Respeito

O primeiro ensinamento dos capitães de Abril continua por absorver. Três sílabas: respeito. A consideração pela vida, pela carreira e pela individualidade alheia.

Aos 20 anos, Salgueiro Maia sabia instintivamente o que isso era e dispôs-se a entregar a vida por essa palavra.

Com serenidade e determinação, conseguiu que a rendição da ditadura ocorresse sem sangue. Morreu ainda jovem, aos 47 anos, depois de ter recusado cargos e mordomias – e sem ter tido resposta ao pedido que fez em 1988, ao então primeiro-ministro Cavaco Silva, de uma pensão por “serviços relevantes prestados à Pátria”.

Três anos volvidos, o mesmo primeiro-ministro aprovou a atribuição de pensões a dois ex-inspectores da PIDE, um dos quais participara no tiroteio sobre a multidão que se encontrava junto da sede daquela polícia política, a 25 de Abril de 1974.

Os puros incomodam. As suas lições são tidas como improcedentes, porque, em geral, só nos livros de História encontram o conforto da homenagem. Em vida são tomados como ingénuos, o que hoje é sinónimo de patetice. Vicejam os gangsters vestidos de senhoritos, que ameaçam, coagem, chantageiam e aterrorizam em torno de chávenas de chá, como se esses actos fizessem parte da natureza da vida.

A cada 25 de Abril relembro as palavras que um dos puros de Abril, Hugo dos Santos, tantas vezes me disse ao longo da minha juventude: “Não te deixes vergar pelas tentativas de prepotência. Nunca deixes de honrar a justiça e a liberdade”.

Sabia do que falava, porque antes e depois desse dia “inicial, inteiro e puro”, como escreveu Sophia, muitos tentaram comprar-lhe a alma e anestesiá-lo com a droga do poder. Alguns homens de Abril sucumbiram a esta vertigem – mas não Hugo dos Santos, não Salgueiro Maia, não muitos outros.

Libertaram o país e entregaram-no aos portugueses. Isto já terá sido escrito milhares de vezes, mas é preciso voltar ainda a escrevê-lo. Assistimos, impávidos, ao regresso do tom e do modo da PIDE, no dia-a-dia das empresas e das relações humanas. O desrespeito é lei, no mundo neoliberal do salve-se quem puder, feito de armadilhas, intimações e tortura psicológica.

Há dias, uma economista que concorria a um lugar numa instituição prestigiada deu por si a despejar a mala de mão, pensos higiénicos incluídos, diante do potencial empregador: dizia-lhe ele que, pela arrumação da mala de uma mulher, se percebia a sua capacidade laboral. Não contente, fê-la ainda mostrar-lhe a bagageira do seu automóvel. Só nesta segunda vistoria a candidata acordou e disse: “Não, obrigada”.

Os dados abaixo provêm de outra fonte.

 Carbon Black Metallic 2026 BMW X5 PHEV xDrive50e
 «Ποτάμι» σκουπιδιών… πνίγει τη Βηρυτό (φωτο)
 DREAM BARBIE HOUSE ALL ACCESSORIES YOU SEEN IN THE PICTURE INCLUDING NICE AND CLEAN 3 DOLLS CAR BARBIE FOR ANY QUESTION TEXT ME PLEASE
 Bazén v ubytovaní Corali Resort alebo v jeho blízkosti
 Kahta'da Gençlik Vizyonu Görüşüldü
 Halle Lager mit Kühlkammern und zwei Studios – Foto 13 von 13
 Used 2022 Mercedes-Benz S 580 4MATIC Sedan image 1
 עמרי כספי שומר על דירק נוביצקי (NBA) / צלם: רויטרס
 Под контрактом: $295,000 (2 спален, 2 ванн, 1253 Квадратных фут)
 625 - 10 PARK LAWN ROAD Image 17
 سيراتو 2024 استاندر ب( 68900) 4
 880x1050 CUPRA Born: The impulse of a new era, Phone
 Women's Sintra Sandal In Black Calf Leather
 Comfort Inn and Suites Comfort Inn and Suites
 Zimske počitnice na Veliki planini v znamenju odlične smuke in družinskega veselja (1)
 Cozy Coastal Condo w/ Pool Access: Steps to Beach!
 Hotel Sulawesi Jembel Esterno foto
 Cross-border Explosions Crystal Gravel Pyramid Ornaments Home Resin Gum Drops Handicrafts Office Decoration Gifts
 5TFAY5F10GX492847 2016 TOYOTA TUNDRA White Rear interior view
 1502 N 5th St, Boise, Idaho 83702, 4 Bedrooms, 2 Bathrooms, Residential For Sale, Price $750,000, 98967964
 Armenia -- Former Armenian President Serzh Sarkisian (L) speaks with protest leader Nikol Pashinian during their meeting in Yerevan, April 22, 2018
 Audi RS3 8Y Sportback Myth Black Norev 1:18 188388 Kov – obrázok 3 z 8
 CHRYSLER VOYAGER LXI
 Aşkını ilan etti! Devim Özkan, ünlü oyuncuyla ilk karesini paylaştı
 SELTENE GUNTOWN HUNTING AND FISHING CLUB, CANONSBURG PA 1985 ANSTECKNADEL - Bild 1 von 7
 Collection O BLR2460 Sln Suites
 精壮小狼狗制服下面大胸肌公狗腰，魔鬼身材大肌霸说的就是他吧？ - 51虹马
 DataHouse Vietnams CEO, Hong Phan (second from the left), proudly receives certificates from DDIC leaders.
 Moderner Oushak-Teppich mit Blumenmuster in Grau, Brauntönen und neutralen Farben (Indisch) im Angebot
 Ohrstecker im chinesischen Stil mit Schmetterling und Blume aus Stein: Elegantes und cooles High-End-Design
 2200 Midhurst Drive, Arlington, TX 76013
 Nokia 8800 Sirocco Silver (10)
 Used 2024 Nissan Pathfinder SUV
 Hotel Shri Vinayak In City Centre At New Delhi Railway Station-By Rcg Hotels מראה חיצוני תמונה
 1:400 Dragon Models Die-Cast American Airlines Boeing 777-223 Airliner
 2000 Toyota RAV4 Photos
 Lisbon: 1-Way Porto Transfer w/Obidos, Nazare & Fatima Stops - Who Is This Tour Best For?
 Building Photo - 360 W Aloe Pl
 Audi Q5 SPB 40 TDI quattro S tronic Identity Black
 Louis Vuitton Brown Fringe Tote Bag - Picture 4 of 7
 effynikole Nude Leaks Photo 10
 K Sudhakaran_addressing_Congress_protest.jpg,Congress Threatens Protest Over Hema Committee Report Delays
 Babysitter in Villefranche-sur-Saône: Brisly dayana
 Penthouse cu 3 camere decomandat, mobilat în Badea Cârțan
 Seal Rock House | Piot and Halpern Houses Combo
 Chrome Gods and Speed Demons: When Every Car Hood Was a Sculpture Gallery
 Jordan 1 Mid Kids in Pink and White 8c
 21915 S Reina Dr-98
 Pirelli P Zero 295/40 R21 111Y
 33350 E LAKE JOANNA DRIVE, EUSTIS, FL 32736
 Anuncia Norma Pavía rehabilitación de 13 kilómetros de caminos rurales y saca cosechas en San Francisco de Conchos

Entretanto, cada vez mais cartas de rescisão laboral são assinadas sob coacção ou ameaça directa, invocando ‘ilícitos’ de que os visados não foram notificados e que supostamente implicariam indemnizações tão vultosas que os levam a assinar hipnoticamente, sem recordarem que têm direito a conhecer as acusações de que são alvo, e a defenderem-se delas.

Quando muito, ocorrer-lhes-á durante um segundo recorrer à Justiça. Mas um mui curto segundo – pois logo lhes ocorre a morosidade e o preço da dita Justiça, e baixam os braços.

O Processo de Kafka parece uma fábula infantil a comparar com a realidade em curso. A instalação do medo, brilhantemente descrita por Rui Zink, vive o seu esplendor. A tortura em curso mata a essência da liberdade de Abril: o respeito.